(What the task requires):
Return the records from the first line through the line containing "Alt view image", and leave out the pictures.

Excerpts from a dataset:
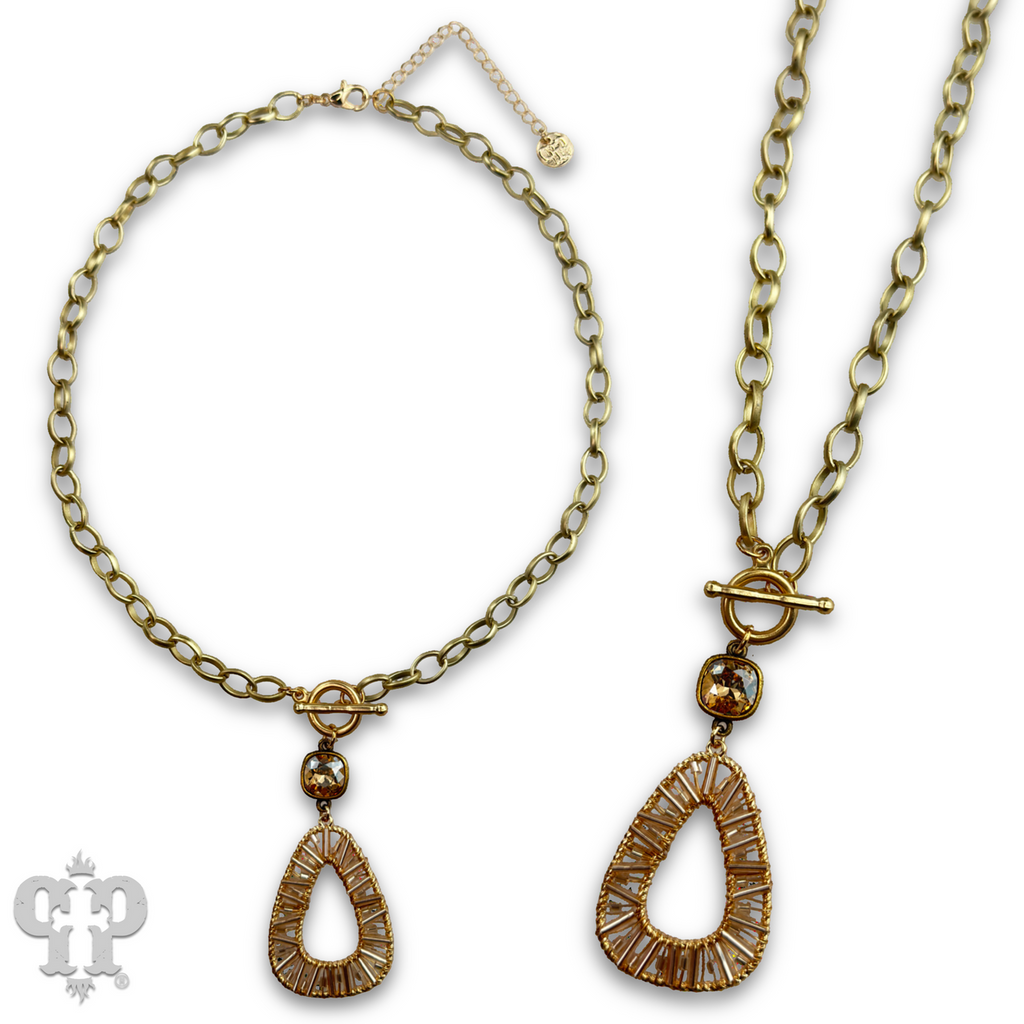 Tube bead wrapped pendant necklace with Austrian crystal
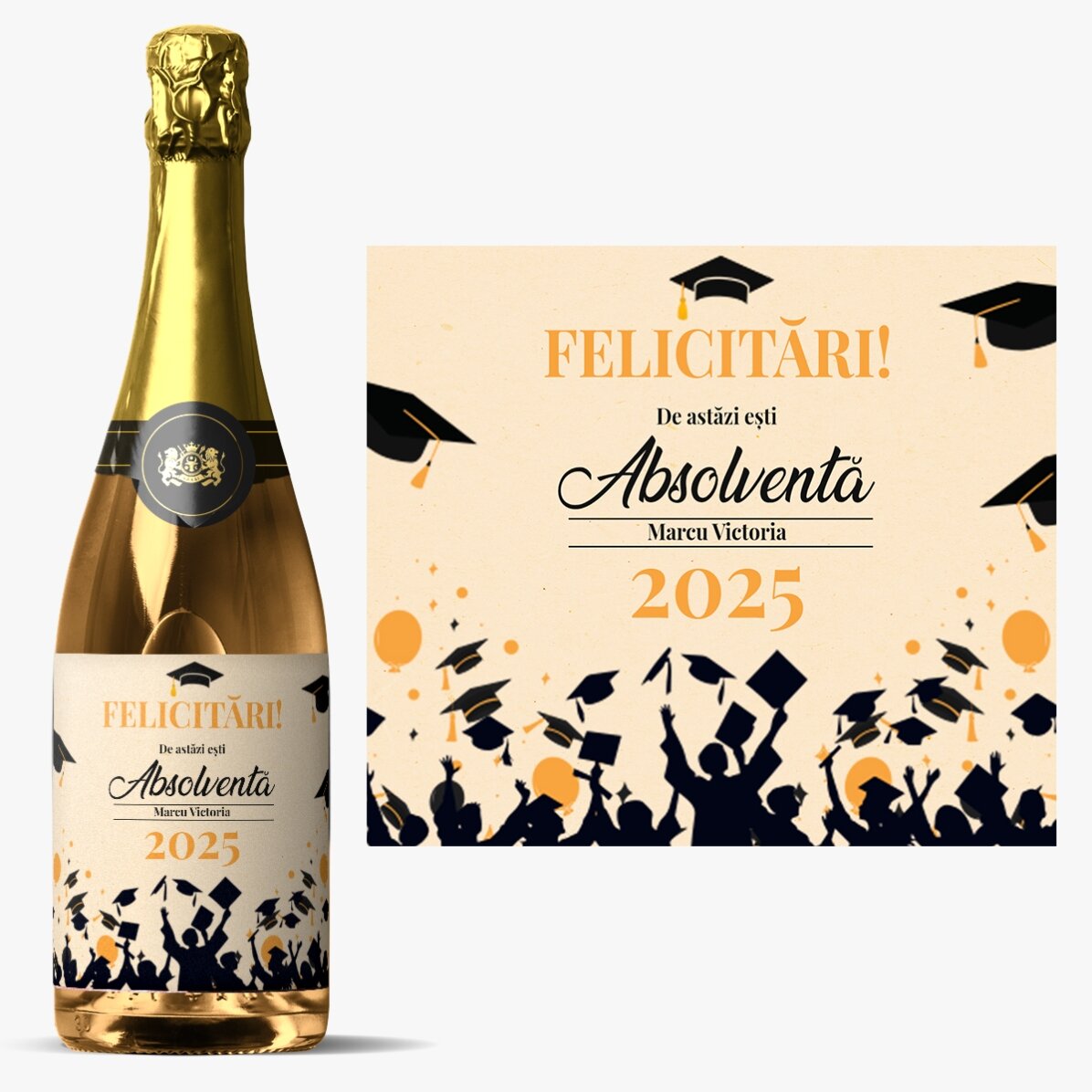 Vin spumant personalizat cu text - Bucurie de absolvire
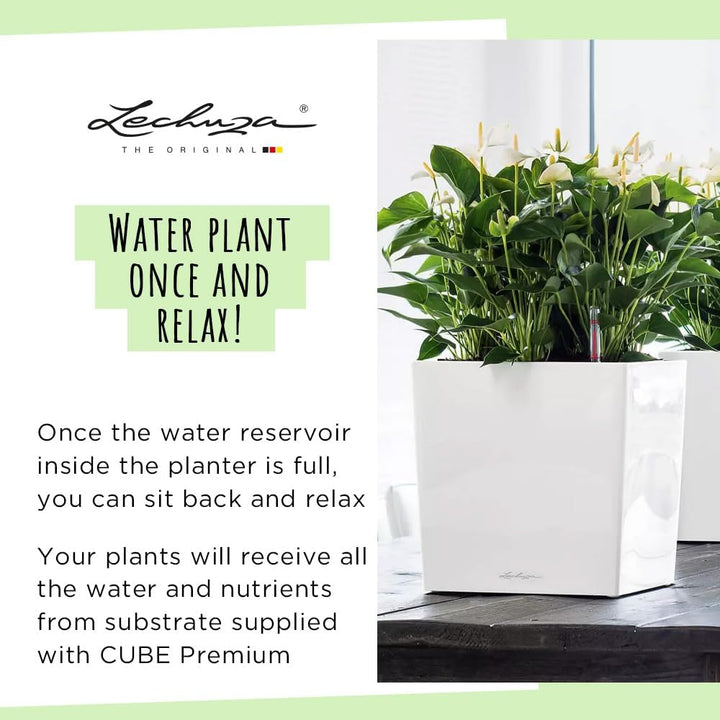 LECHUZA CUBE Premium 40 anthrazit metallic 16363 39x39x40 cm Anthrazit Metallic, 39x39x40 cm Anthraz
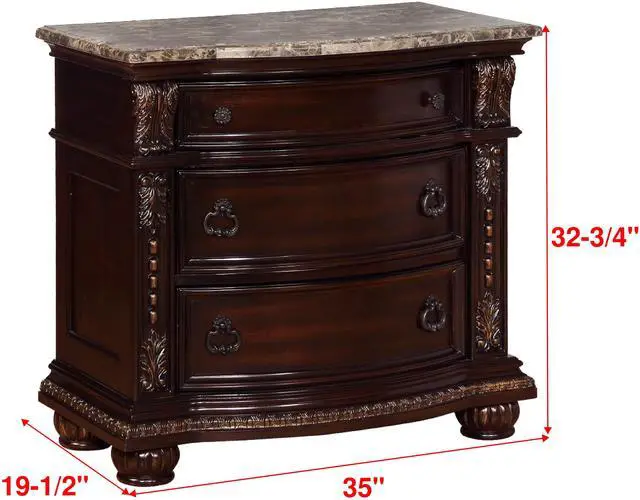 Alt view image 5 of 7 - 1Pc Traditional Style End Table 3-Drawer Nightstand with Marble Top Rich Brown Cherry Finish Solid Wood Wooden Bedroom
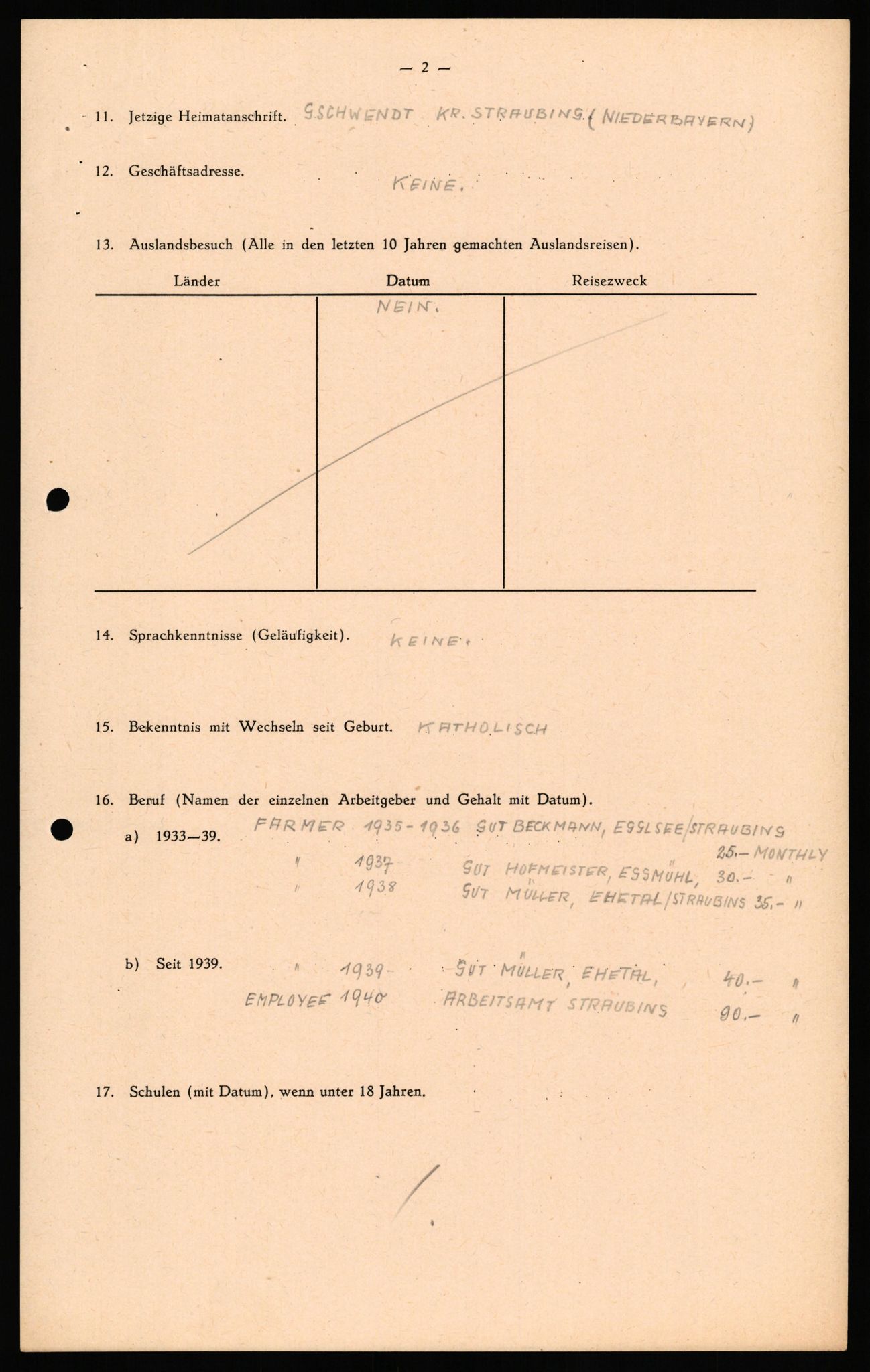 Forsvaret, Forsvarets overkommando II, AV/RA-RAFA-3915/D/Db/L0036: CI Questionaires. Tyske okkupasjonsstyrker i Norge. Tyskere., 1945-1946, s. 146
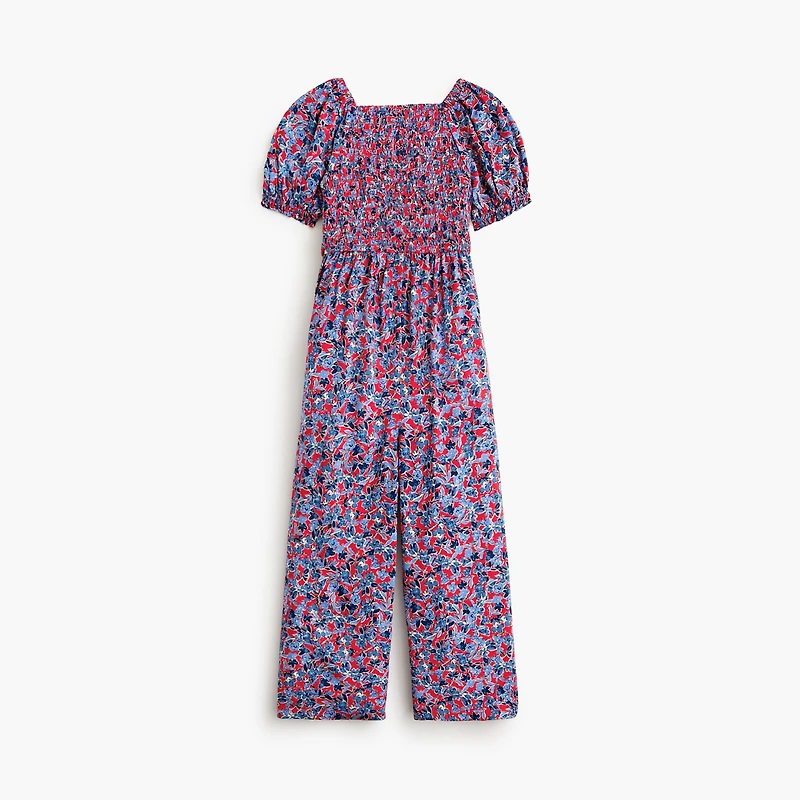 Girls' floral smocked jumpsuit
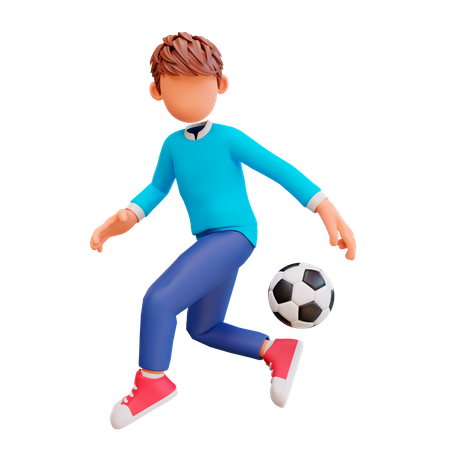 Menino jogando futebol  3D Illustration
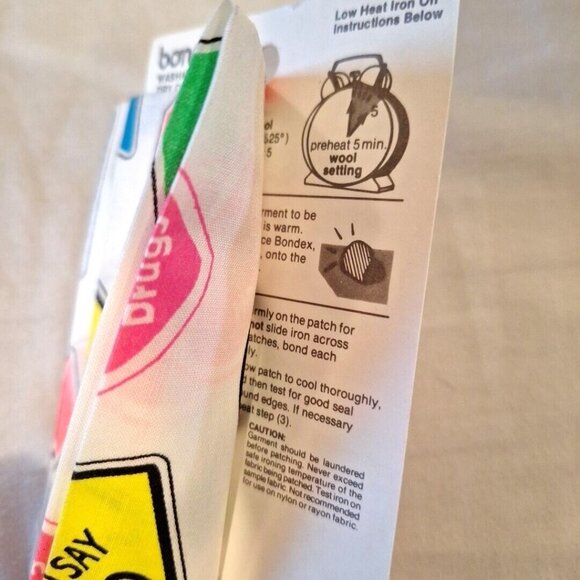 90s Neon Say No To Drugs Iron-On Fun Fabric 10x12 Wrights Bondex Vintage - Picture 6 of 7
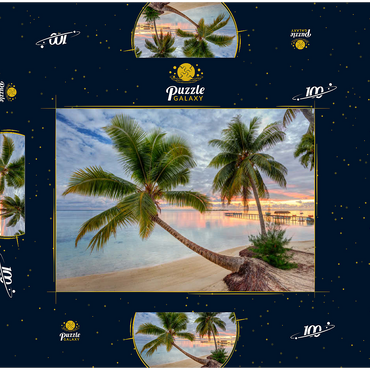 Palmenstrand am Hauru Point, Insel Moorea, Französisch Polynesien, Südsee 100 Puzzle Schachtel 3D Modell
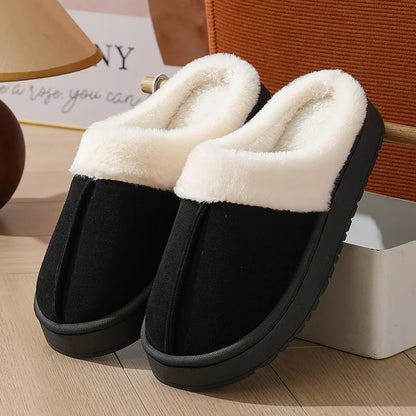 Women's plush slippers winter outdoor, thick sole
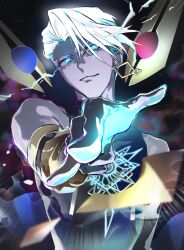 1boy black_background black_shirt blue_eyes closed_mouth commentary_request dark-skinned_male dark_skin detached_sleeves earrings electricity electrokinesis fate/grand_order fate_(series) glowing glowing_eyes indra_(fate) jewelry lightning lightning_bolt_facial_mark looking_to_the_side male_focus outstretched_arm piercing poppoman shirt sideways_glance sleeveless sleeveless_shirt solo upper_body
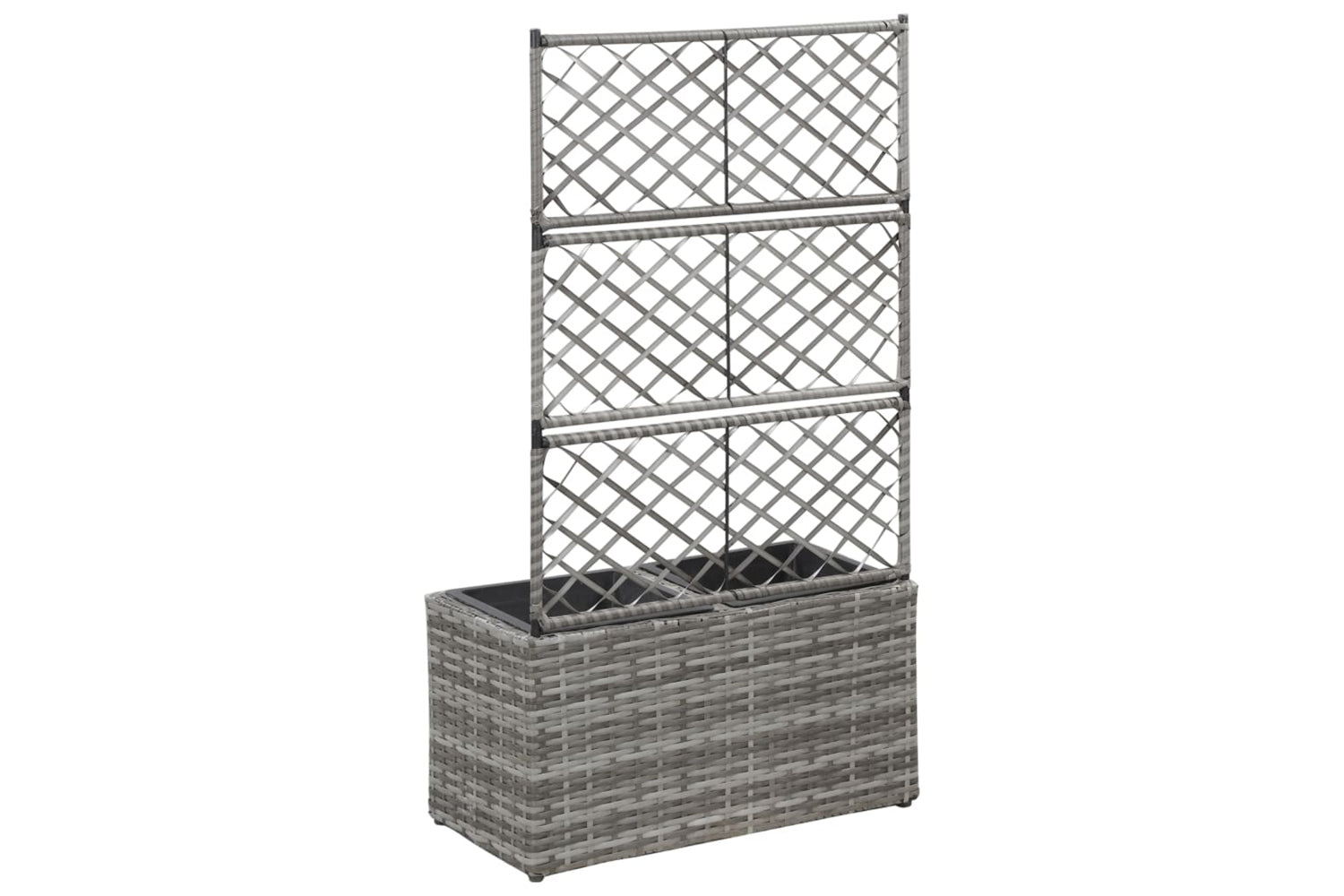 vidaXL 46934 Trellis Raised Bed With 2 Pots 58x30x107cm Poly Rattan Grey-3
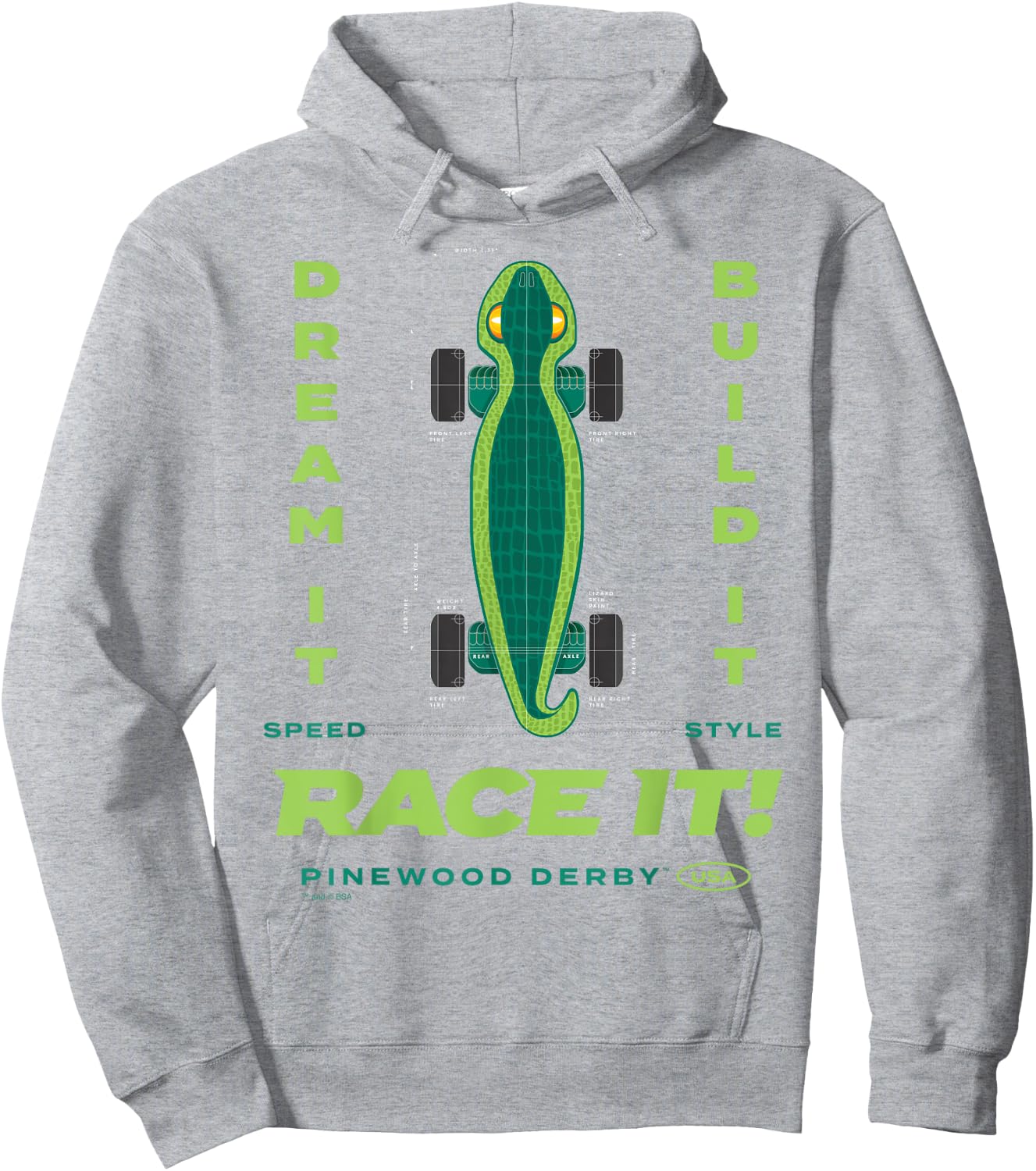 Scouting America Boys Pinewood Derby Lizard , Green, Small Hoodie - Hoodie | Ash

(Response to the task):
 Tube bead wrapped pendant necklace with Austrian crystal
 Vin spumant personalizat cu text - Bucurie de absolvire
 LECHUZA CUBE Premium 40 anthrazit metallic 16363 39x39x40 cm Anthrazit Metallic, 39x39x40 cm Anthraz
 Alt view image 5 of 7 - 1Pc Traditional Style End Table 3-Drawer Nightstand with Marble Top Rich Brown Cherry Finish Solid Wood Wooden Bedroom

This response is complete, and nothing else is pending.